Cette question est grave et complexe. Nombre d'auteurs - politistes, économistes ou encore juristes - constatent une crise de la démocratie représentative. Devant cette crise de la représentation, où même les représentants du peuple ne sont plus considérés par les peuples comme leurs dignes et fidèles représentants, le centre névralgique de la démocratie se déplace vers l'exécutif, dont l'omnipotence perdure et participe de la crise, et vers le juge. Ce dernier représente l'ultime recours et le tiers impartial.
Ce recours au juge peut en effet entrainer des effets dangereux et délétères à long terme.
Avant d'invoquer l'article 7 du traité, la Commission a tenté le dialogue pendant des années avec la Pologne, pendant que celle-ci continuait de porter atteinte à son système judiciaire et se moquait de la Commission. Quand la Commission et le Parlement ont activé l'article 7, nous savions bien que ce dernier était une « arme nucléaire » qui ne fonctionnerait pas, compte tenu de ses règles procédurales. Il en a résulté une impuissance du politique à l'échelle européenne, où tous les États au sein du Conseil et l'administration de la Commission ont été incapables d'agir ou ne l'ont pas voulu.
Le juge a alors été le seul à défendre l'État de droit. Je suis admirative de la créativité de la Cour qui, en utilisant des textes présents dans les traités, a défendu les valeurs communes à tous.
En revanche, ce recours au juge peut être en effet dangereux à terme car la Cour a comblé le vide et l'impuissance du politique. Elle s'est faite gardienne des valeurs, ce qui peut être dangereux à terme dans tout système, y compris national.

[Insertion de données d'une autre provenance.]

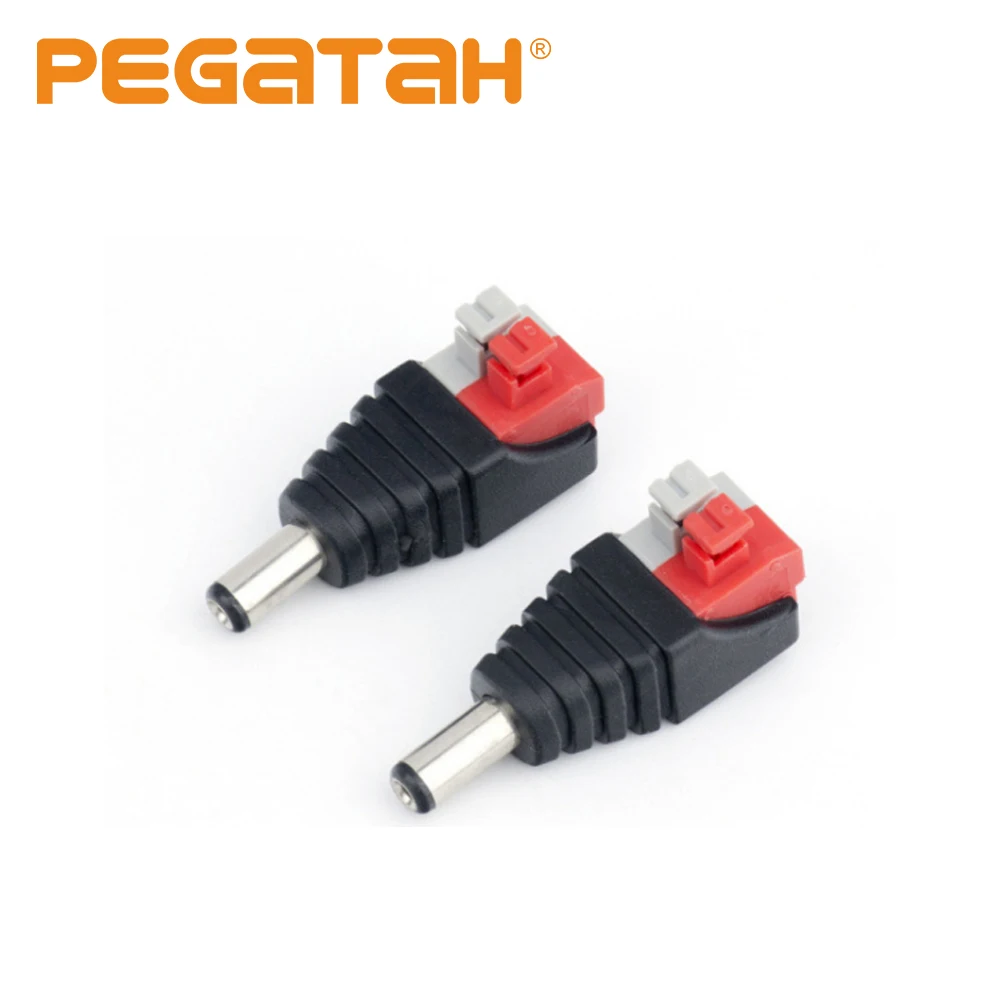 Conector de corriente continua de JR52-A, adaptador de enchufe de 5,5x2,1mm, tira Led y luces electrónicas, conectores de prensa macho DC para cámara CCTV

En France, il sera très difficile de corriger ce problème dans le cadre des institutions de la Ve République. Évidemment, les parlementaires travaillent mais ils sont pris dans un carcan de procédures et dans une tradition où le fait majoritaire écrase beaucoup d'initiatives. Cette histoire française fait que le Parlement n'est pas en mesure de se rebeller. Il est formidable que vous en soyez conscients et je suis sûre qu'il existe de nombreuses possibilités d'agir.